Variety Reports:
Chris Rock’s scathing and well-crafted monologue at Sunday’s Oscar Show was entertaining, but it made some serious points.
“Is Hollywood racist?” he asked at the mid-point of his withering monologue, which had the audience laughing and occasionally cringing as well. It’s not “cross-burning racist,” he acknowledged.
“You see all these writers, producers and actors?” Rock remembered asking the president. “They don’t hire black people — and they’re the nicest people on earth. They’re liberals!”
The In Memoriam segment this year, he joked, would be a montage of black people shot by cops on their way to the movies. Amid the awkward laughter there were some “oohs,” but Rock, a skilled stand-up comic of remarkable dexterity, wasn’t fazed.
In a less successful part of his monologue, he riffed on Jada Pinkett Smith’s boycott of the Oscars, noting that she’s more known for her TV work than her film roles of late.
Pinkett Smith staying away from the ceremony would be like “me boycotting Rihanna’s panties. I wasn’t invited,” Rock said.
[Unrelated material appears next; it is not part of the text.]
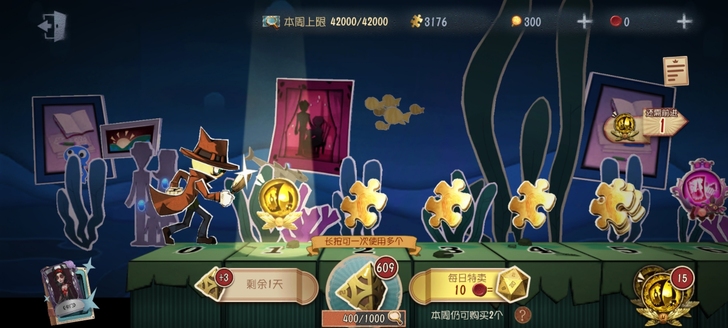 五百骰75安邮无绑三无账号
“Everything’s not sexism, everything’s not racism!” Rock said, but it was hard not to wish he’d trained a little of the firepower he brought to the topic of race on the hurdles faced by actresses in a town with a long history of gender bias.
But Rock was there to riff on how white Hollywood is, and on that topic, he was remarkably effective, which was no surprise (and those jokes were reinforced by some effective pre-taped segments starring previous Oscar host Whoopi Goldberg).
There may not have been many protests like #OscarsSoWhite in the sixties, as he noted, “When you’re grandmother’s swinging from a tree, it’s really hard to care about best documentary foreign short,” but it’s not likely that anyone will forget about the issues of inclusion and bias in the coming year. Or will they?
Whatever happens in the Oscar race this year, as Rock noted, it’s quite likely that Leonardo DiCaprio will get another great role in this year, and next year, and the year after that. Jamie Foxx and other black actors aren’t likely to be as lucky.
“We want opportunity,” Rock said. “We want black actors to get the same opportunities as white actors, that’s it.”